In December, 2010, our Board of Directors approved the Company’s entering into supplemental life insurance plans and agreements on the lives of our chief executive officer (“CEO”) and his wife. As a result of these agreements, as amended in October, 2016, based on actuarial tables and other assumptions, during the life expectancies of the insureds, we would pay approximately $28 million in premiums, and certain trusts owned by our CEO, would pay approximately $9 million in premiums. Based on the projected premiums mentioned above, and assuming the policies remain in effect until the death of the insureds, we will be entitled to receive death benefit proceeds of no less than approximately $37 million representing the $28 million of aggregate premiums paid by us as well as the $9 million of aggregate premiums paid by the trusts. In connection with these policies, we paid approximately $1.1 million, net, in premium payments during each of 2020, 2019 and 2018.

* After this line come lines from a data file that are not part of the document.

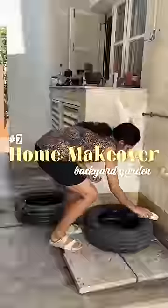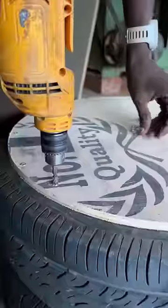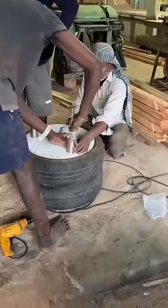In the previous videos, I cleaned these tires first and then put screws on the carpenters to join these two tires. Under ply and legs were used for support.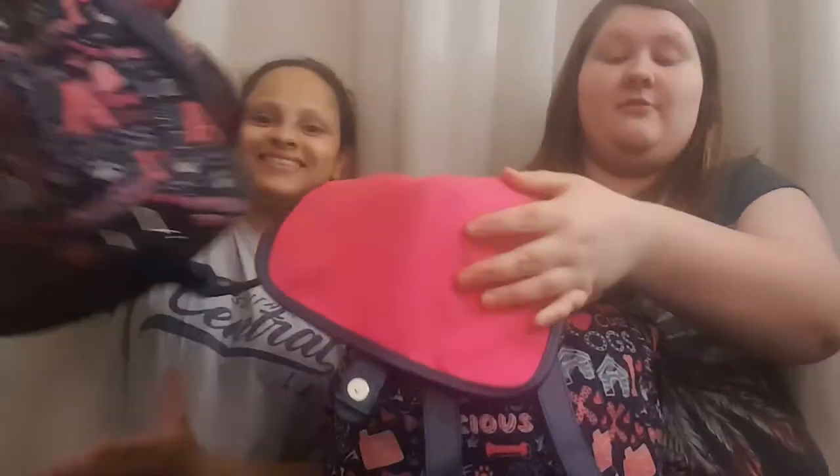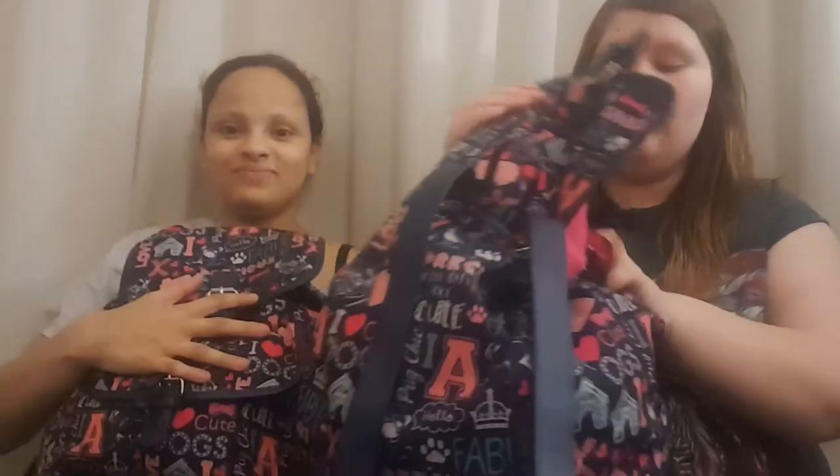Today we're doing a video on what we put in our going out bags. We typically have these bags for day trips, but we do have stuff in there for overnight too, because sometimes we just have to stay out or we get stuck somewhere, so we have to put these things in here just in case.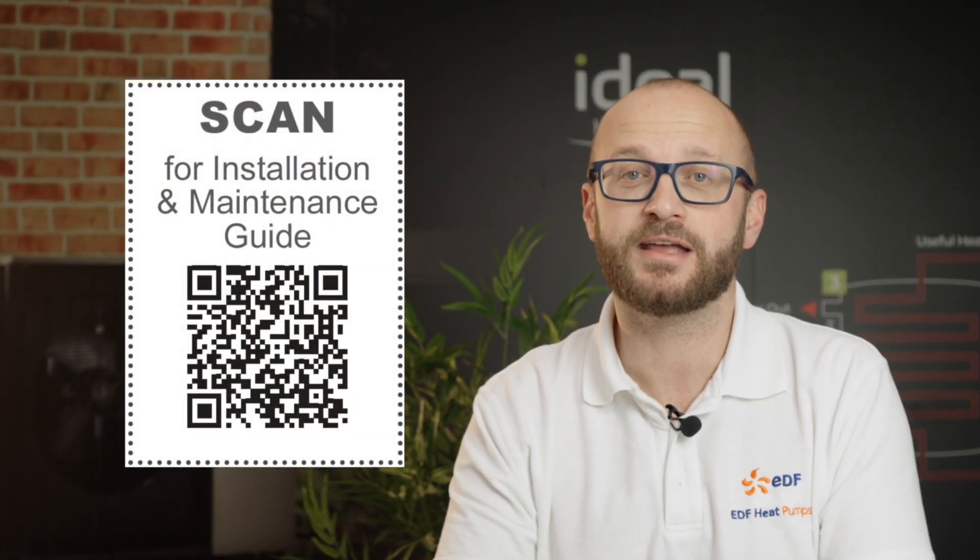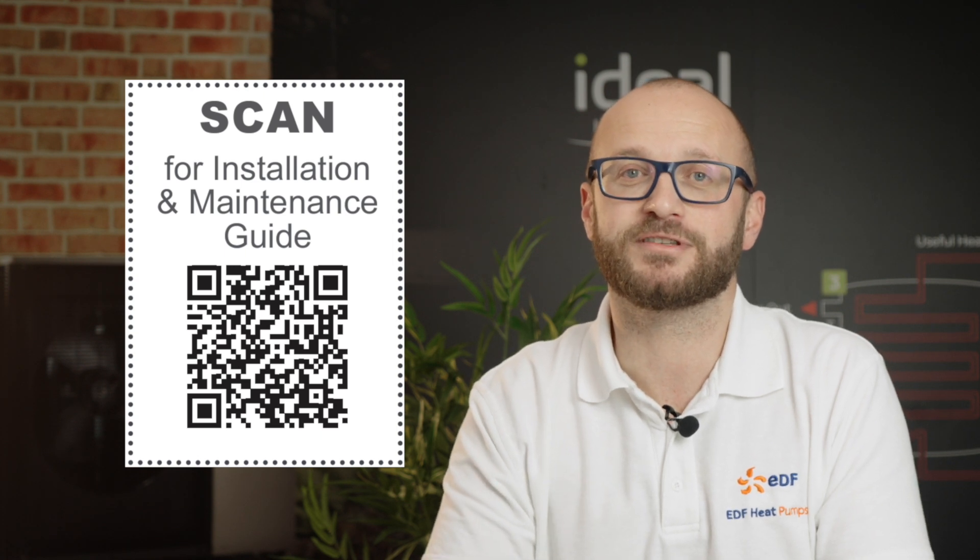To find out more about the products and to access the installation manuals, you can scan this QR code — we'll also add this QR code to the end of the course.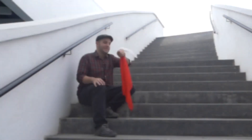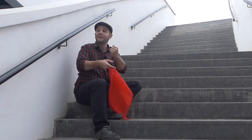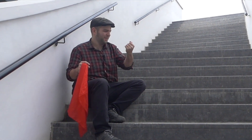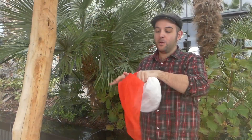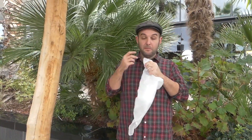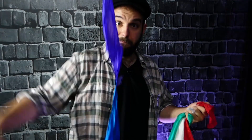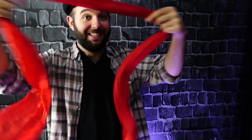I'm Gonzalo Alvignana and I'm very happy to share with you Chromo, what I think it is a new way to do all kinds of silk magic. With Chromo you can use any kind of silk, any quantity of them and any size.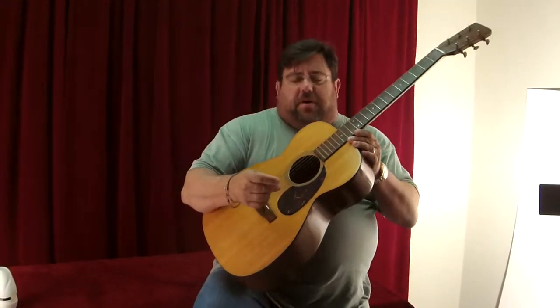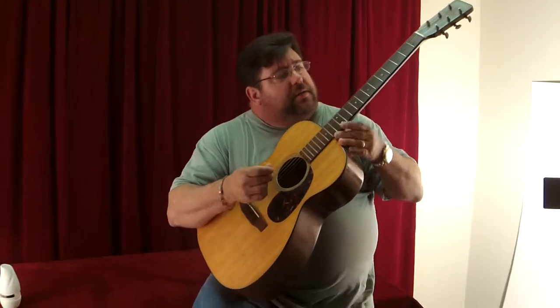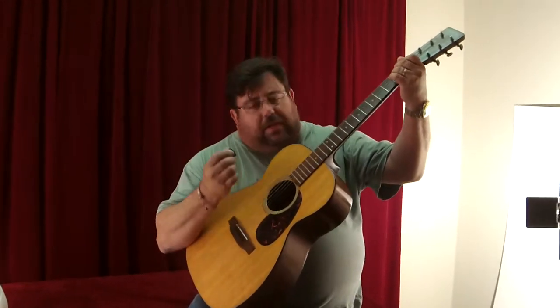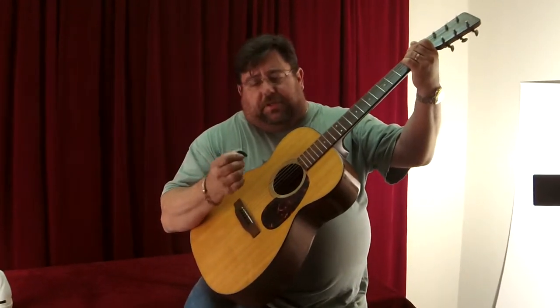Okay, now I have got a 1965 Martin 0018, and I'm going to compare this one to the LG one that I just played. I'm gonna start off by using a flat pick.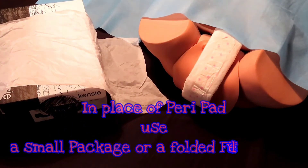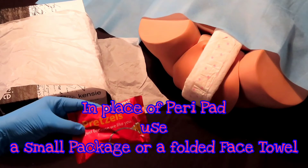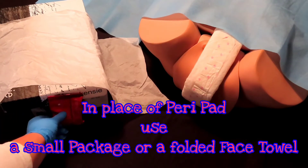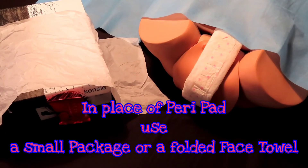Some of you may have a peri pad hanging around your house. Some of us don't, so I'm just going to recycle some of my Southwest Airline pretzels and put it on the perineum as my peri pad. There we go. Done.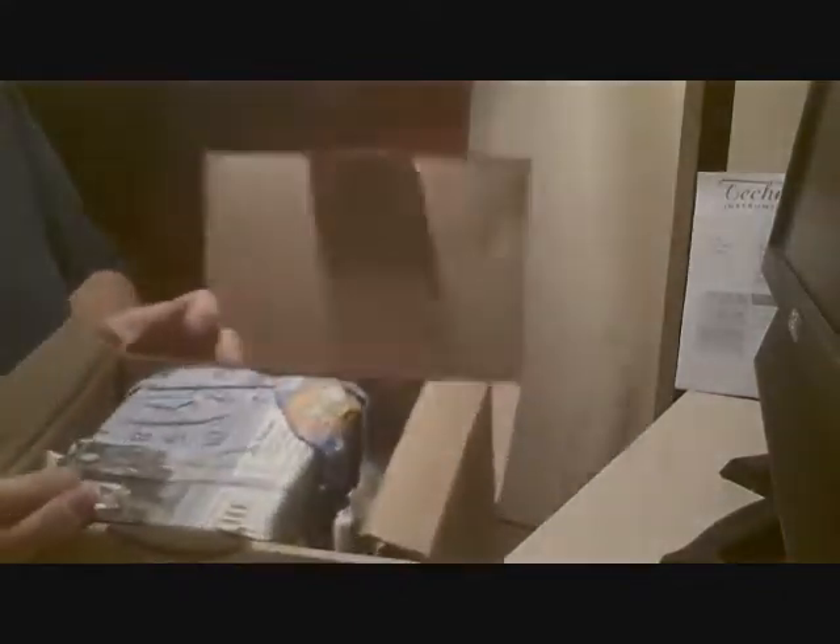Alright, so we have the obligatory shipping invoice. That's how it's packaged — looks like it's wrapped in the daily newspaper from Geneva or something. Tecne is a new boutique — at least as far as I know, a new boutique watch company.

In August, 2015, Marc D. Miller, our President and Chief Executive Officer and member of our Board of Directors, was appointed to the Board of Directors of Premier, Inc. (“Premier”), a healthcare performance improvement alliance.  During 2013, we entered into a new group purchasing organization agreement (“GPO”) with Premier. In conjunction with the GPO agreement, we acquired a minority interest in Premier for a nominal amount. During the fourth quarter of 2013, in connection with the completion of an initial public offering of the stock of Premier, we received cash proceeds for the sale of a portion of our ownership interest in the

GPO. Also in connection with this GPO agreement, we received shares of restricted stock of Premier which vest ratably over a seven-year period (2014 through 2020), contingent upon our continued participation and minority ownership interest in the GPO.  During the third quarter of 2020, we entered into an agreement with Premier pursuant to the terms of which, among other things, our ownership interest in Premier was converted into shares of Class A Common Stock of Premier.  We have elected to retain a portion of the previously vested shares of Premier, the market value of which is included in other assets on our consolidated balance sheet.  Based upon the closing price of Premier’s stock on each respective date, the market value of our shares of Premier on which the restrictions have lapsed was $78 million as of December 31, 2020 and $70 million as of December 31, 2019.  The $8 million increase in market value at December 31, 2020, as compared to December 31, 2019, is the result of $12 million of additional vested shares and $4 million of decreased market value. The $4 million decrease in market value of our vested Premier shares since December 31, 2020 was recorded as an unrealized loss and included in “Other (income) expense, net” in our consolidated statements of income for the year ended December 31, 2020.   Additionally, during 2020, Premier declared a quarterly cash dividend during each of the third and fourth quarters of $0.19 per share per quarter. Our share of the dividends for the year ended December 31, 2020 is approximately $800,000 and is included in “Other (income) expense, net” in our condensed consolidated statements of income for the year ended December 31, 2020.    

A member of our Board of Directors and member of the Executive Committee and Finance Committee is a partner in Norton Rose Fulbright US LLP, a law firm engaged by us for a variety of legal services.  The Board member and his law firm also provide personal legal services to our Executive Chairman and acts as trustee of certain trusts for the benefit of our Executive Chairman and his family.